=== Data for this exercise ===

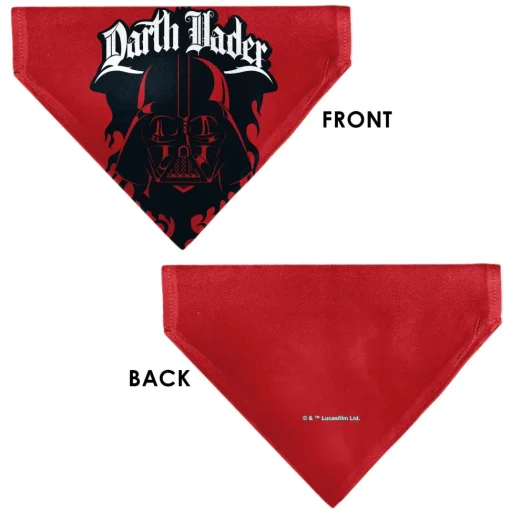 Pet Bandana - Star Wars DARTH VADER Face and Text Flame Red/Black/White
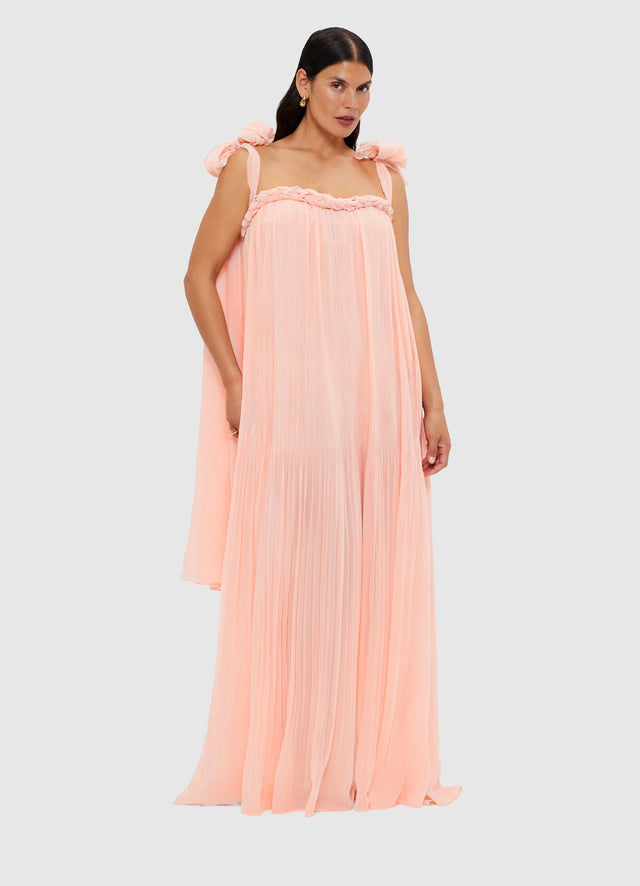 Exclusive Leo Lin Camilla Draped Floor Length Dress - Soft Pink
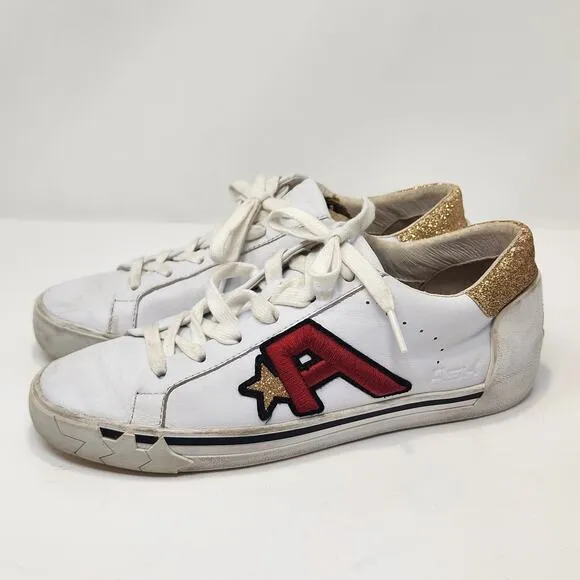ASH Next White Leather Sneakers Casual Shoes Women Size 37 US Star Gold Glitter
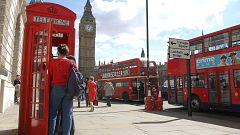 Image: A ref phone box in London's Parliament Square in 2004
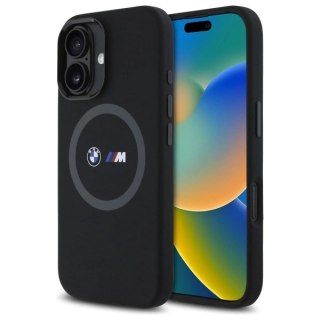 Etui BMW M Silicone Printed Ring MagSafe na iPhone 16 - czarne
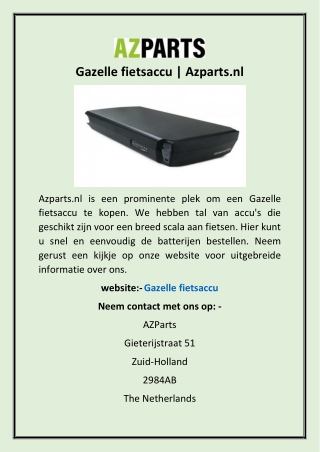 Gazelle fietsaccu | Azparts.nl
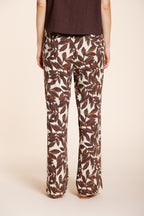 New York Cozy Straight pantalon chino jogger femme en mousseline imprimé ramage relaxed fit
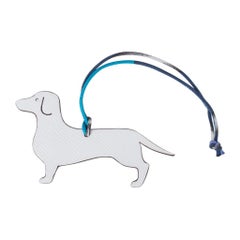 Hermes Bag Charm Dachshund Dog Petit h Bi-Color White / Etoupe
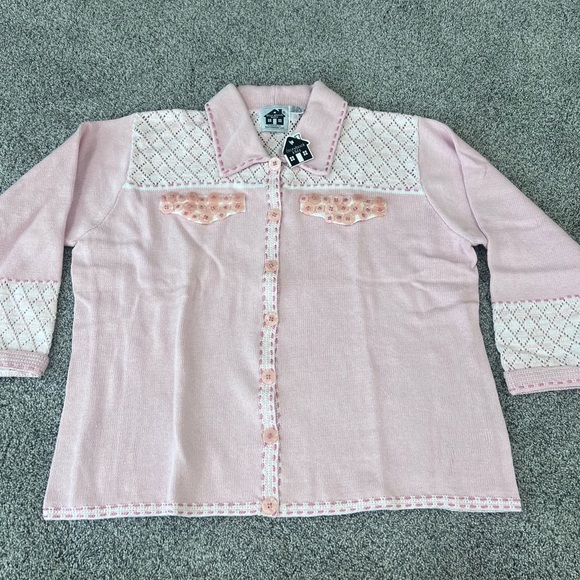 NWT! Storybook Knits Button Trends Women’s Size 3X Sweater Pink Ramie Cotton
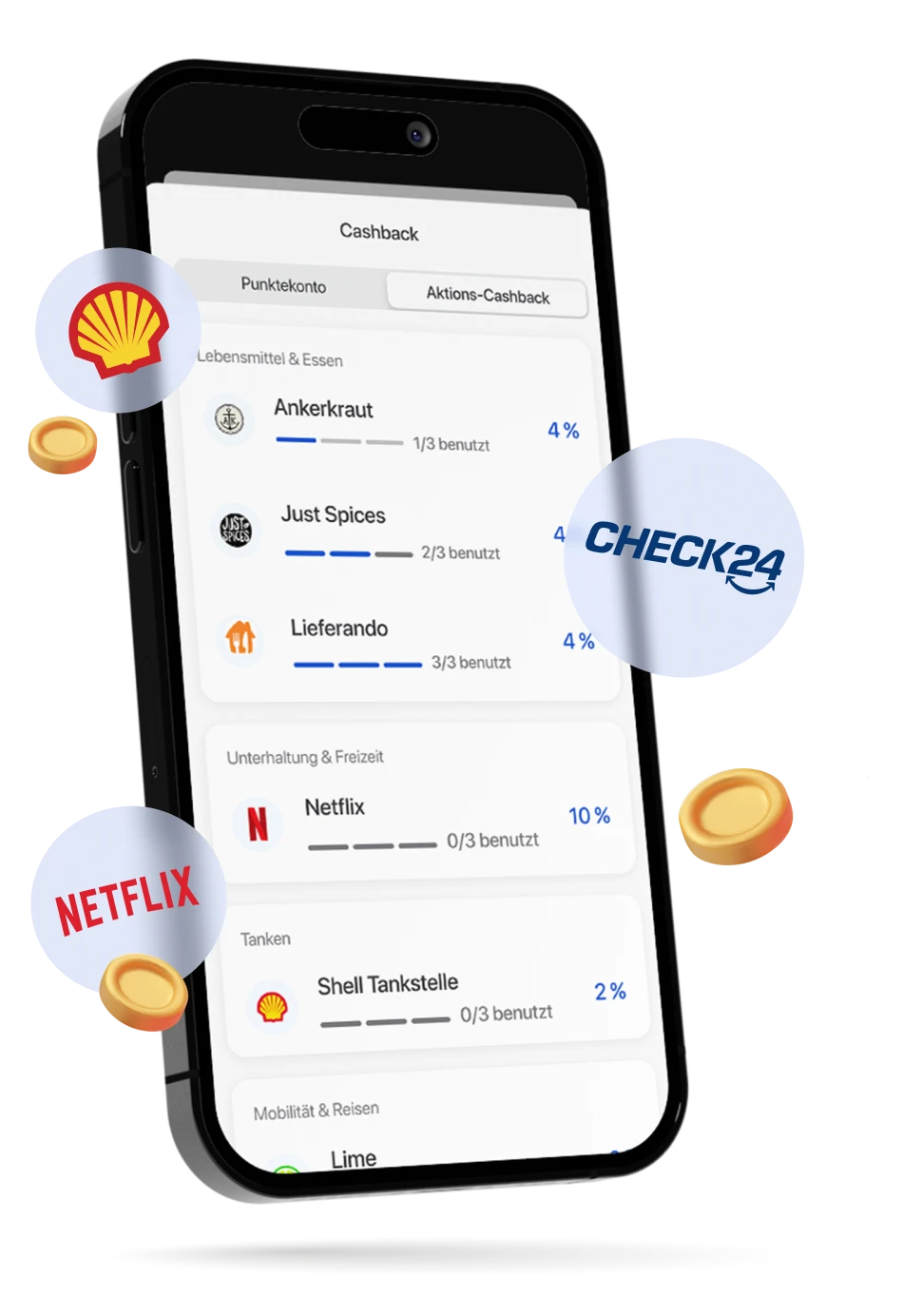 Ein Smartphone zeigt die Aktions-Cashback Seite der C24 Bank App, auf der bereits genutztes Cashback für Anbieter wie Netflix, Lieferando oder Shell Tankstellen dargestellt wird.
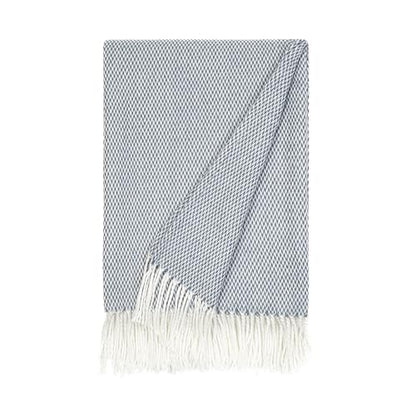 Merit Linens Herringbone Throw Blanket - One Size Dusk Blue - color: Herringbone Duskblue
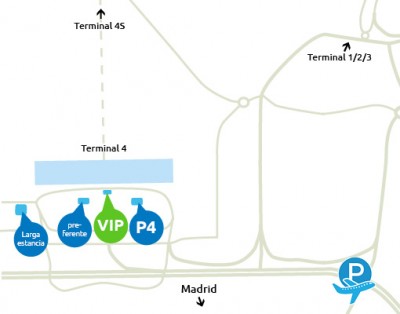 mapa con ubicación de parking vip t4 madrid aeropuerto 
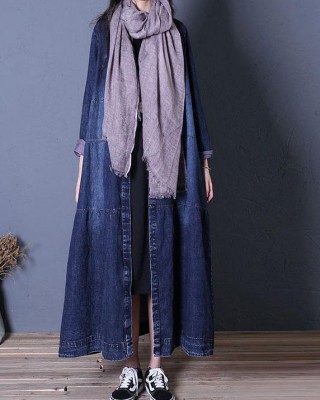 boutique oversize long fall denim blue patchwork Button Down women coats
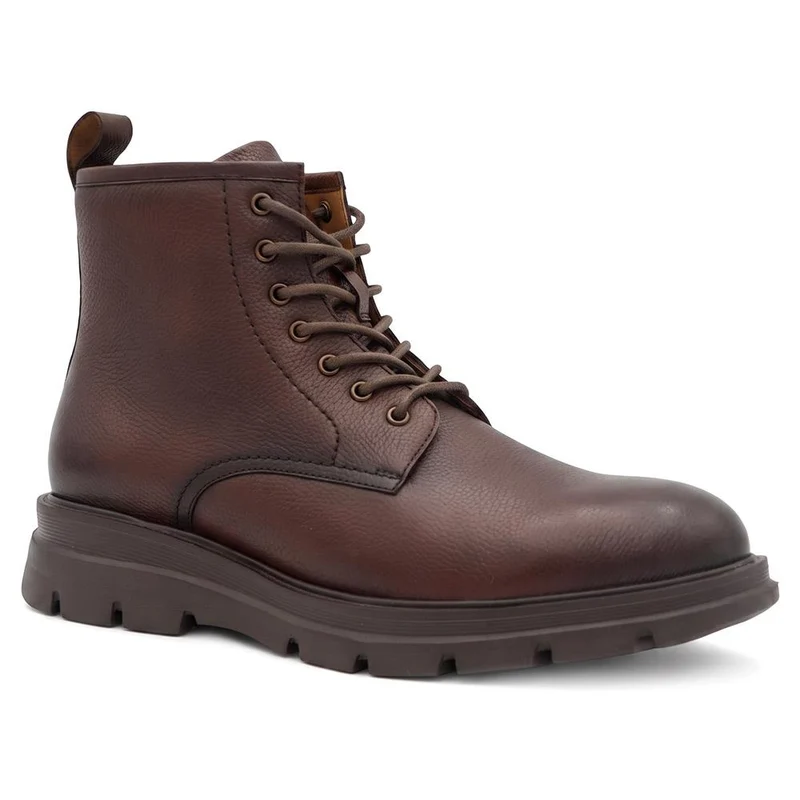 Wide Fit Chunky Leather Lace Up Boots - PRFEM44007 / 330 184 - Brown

===

* Assignment: Everything from the line containing "Etui BMW M Silicone" to the last line of the records above should be reproduced exactly, except the pictures.

* Output for this exercise:
 Etui BMW M Silicone Printed Ring MagSafe na iPhone 16 - czarne
 Gazelle fietsaccu | Azparts.nl
 New York Cozy Straight pantalon chino jogger femme en mousseline imprimé ramage relaxed fit
 Hermes Bag Charm Dachshund Dog Petit h Bi-Color White / Etoupe
 NWT! Storybook Knits Button Trends Women’s Size 3X Sweater Pink Ramie Cotton
 Ein Smartphone zeigt die Aktions-Cashback Seite der C24 Bank App, auf der bereits genutztes Cashback für Anbieter wie Netflix, Lieferando oder Shell Tankstellen dargestellt wird.
 Merit Linens Herringbone Throw Blanket - One Size Dusk Blue - color: Herringbone Duskblue
 mapa con ubicación de parking vip t4 madrid aeropuerto 
 boutique oversize long fall denim blue patchwork Button Down women coats
 Wide Fit Chunky Leather Lace Up Boots - PRFEM44007 / 330 184 - Brown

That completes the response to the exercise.